Gardening in the heartlands: hot plants, prairie gardens and crazy containers

I wasn’t expecting hot plants, sophisticated prairie gardens and flipped out container plantings when I hopped on a plane for Minneapolis to attend the annual conference Garden Comm holds annually. This event is hard to beat - an opportunity to hang out and network with other industry professionals, visit gardens and learn about plants. It’s held in different city each year which keeps the garden part even more interesting.

Because touring gardens gives me a bad case of plant lust, it’s frustrating to see things I fall in love with but can’t grow. But, Minneapolis is right in my zone (3a-5b), and there was a lot to drool over. Keep reading to find out more.

Hot plants

We spent a magical evening at Bailey Nursery where they wined and dined us in their display garden - a series of prairie style beds designed by renowned plantsman Kelly Norris.

And that is where I saw this divine little shrub, a willow known as Iceberg Alley. Here it is lighting up the back of a border.

Iceberg Alley® Sageleaf Willow | Salix candida 'Jefberg'

The silver foliage would have been enough for me, but there’s more - native, zone hardy 2-6 and can tolerate wet or dry soils. A nice little roundy moundy shrub that doesn’t get too big (about 5x5) and plays well with others as you can see in the photo below.

I’m a fan of shrub roses, but many are scentless. Not so in the case of Northern Accents shrub rose - a tough introduction developed by the University of Minnesota. Its sweet fragrance stopped me in my tracks at the Minnesota Landscape Arboretum. Tough, fragrant and pretty - what more could you ask for? This one is going on the list!

Northern Accents (R) Shrub Rose

I developed a new appreciation for coleus and plectranthus combinations as I walked around the flower border displays. There were many, but this duet got my attention. Simple, easy and hot - bring it on.

Top to bottom: Plectranthus ‘Guacamole’ Coleus ‘Sedona Sunset’

Viva Las Vegas! This gomphrena is a little zinger.

It’s an annual that looks somewhat puny til lateJuly. But wait - as others begin to look tired, this one is just waking up. Not bad for late summer color right?
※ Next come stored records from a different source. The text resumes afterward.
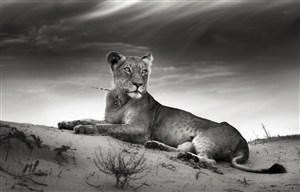 黑白照片的狮子图片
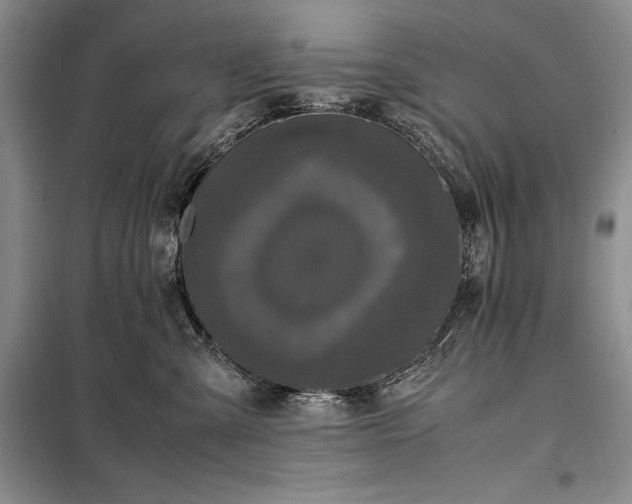 X0000098190427200805011128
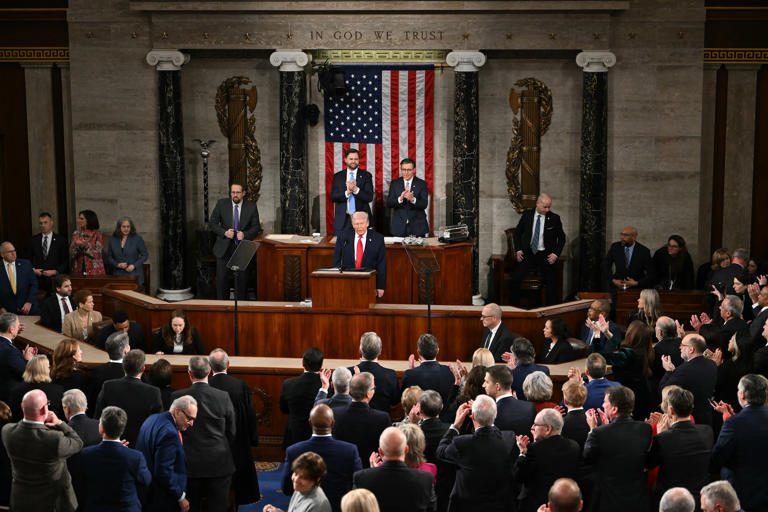 “These people are crazy”: Trump uses State of the Union to attack ...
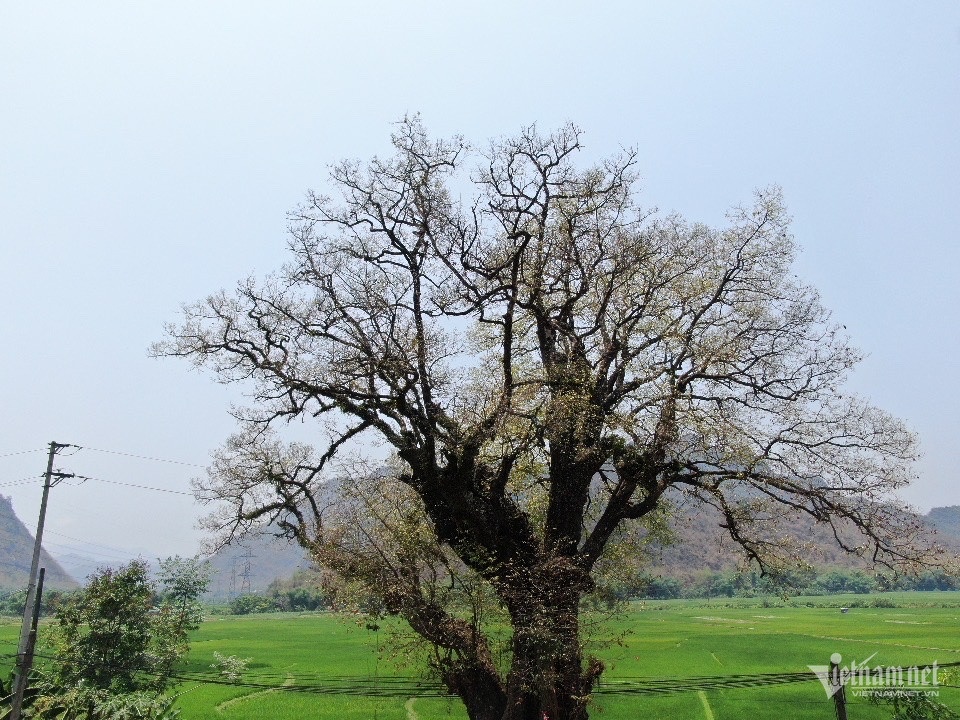 Doc la cay thi hon 800 tuoi hinh anh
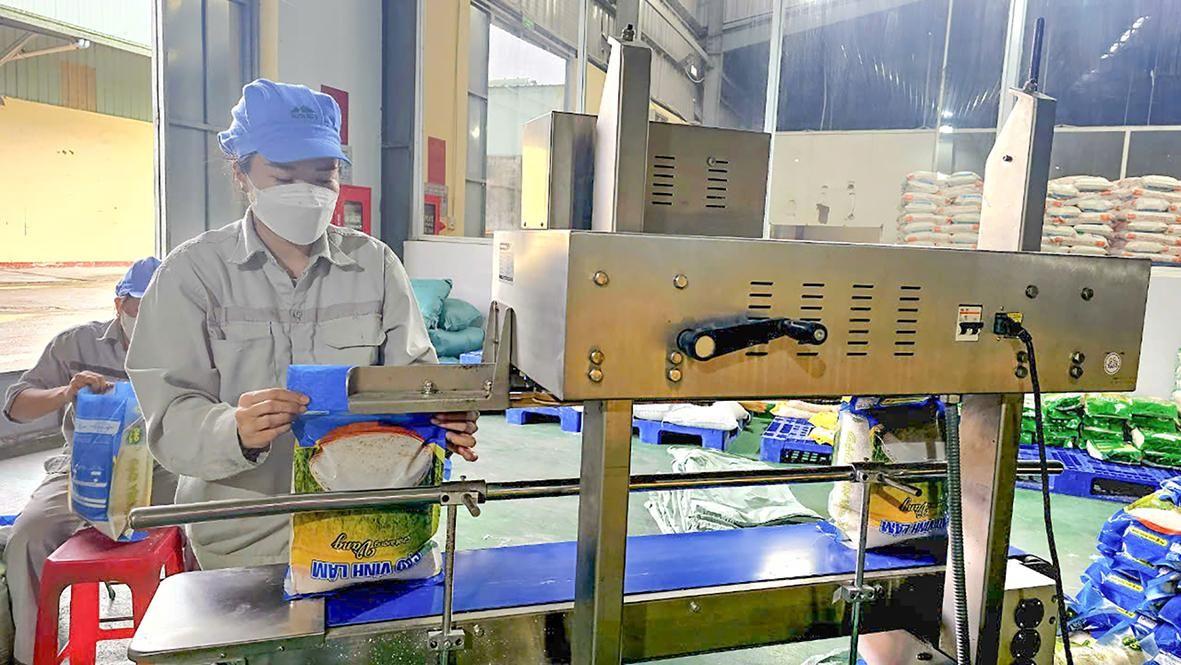 Đòn bẩy OCOP trong chiến lược phát triển kinh tế nông thôn bền vững tại Vĩnh Thủy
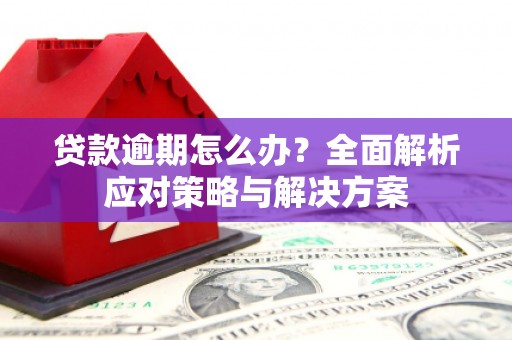 江宁贷款逾期怎么办？全面解析应对策略与解决方案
Gomphrena globosa ‘Las Vegas Purple’

The prairie look

As most of you know from my previous posts, I’m big on the controlled wild look. There were many naturalistic gardens to see - this one was particularly inspiring. The owner, landscape architect Barbara Burgum began developing the garden in 2008. The centerpiece is a giant pergola that is surrounded by swaths of perennials and grasses.
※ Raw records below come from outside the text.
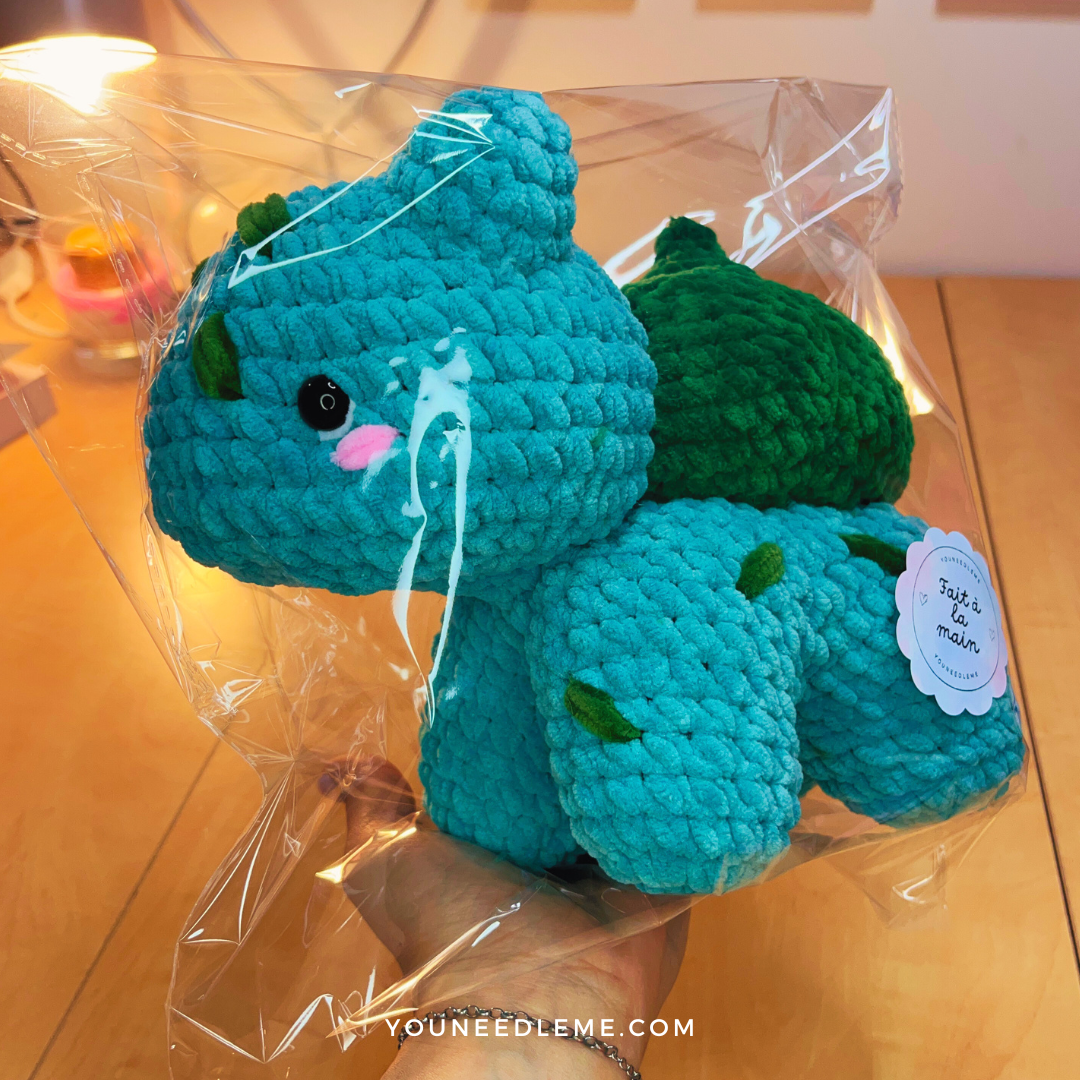 Commande personnalisée "Stéphanie - Bulbizarre"
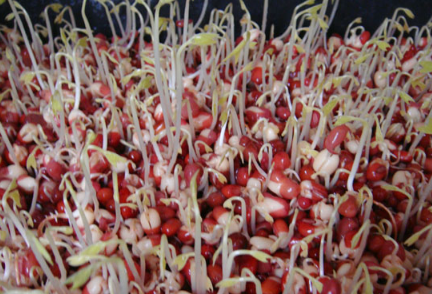 红豆芽栽培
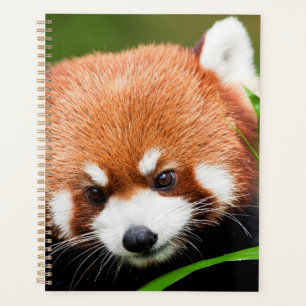 Panda roux mignon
I particularly like the way grasses were used to as underplanting for the other plants - mimicking what would naturally occur in a prairie.

I like the rhythmic shapes going on here.

The garden is adventurous and useful (there’s a vegetable and herb garden to the left of that pergola). I like the paths that run through it and lead you down to the house. The wild look gets a little tamer in front where the house is flanked by hydrangeas and a variety of containers. An inspiring transition!

Hydrangea arborescence ‘Annabelle’ in front

Crazy containers

If Tangletown Gardens was in my neighborhood, I’d be broke. This trendsetting nursery and garden center has a plethora of interesting woody and herbaceous plants that made my heart beat a little faster. But the containers are in a class by themselves. These are just a few that caught my eye.

Bottom to top - Looks like a variety of Hakon grass, Sedum, Lantana, some type of variegated geranium, grass

Who knew coleus and new guinea impatience could be so dynamic?

Yikes! I can’t begin to figure out what all of these are.

Now for the winner

I rarely win anything, but I got lucky at the Bailey Nursery bash and won a headshot from award winning photographer Tracy Walsh. She made make me look more glamorous than I really am. Of course, I am standing next to my new favorite shrub (Iceberg Alley). More about that to follow - summer isn’t over yet!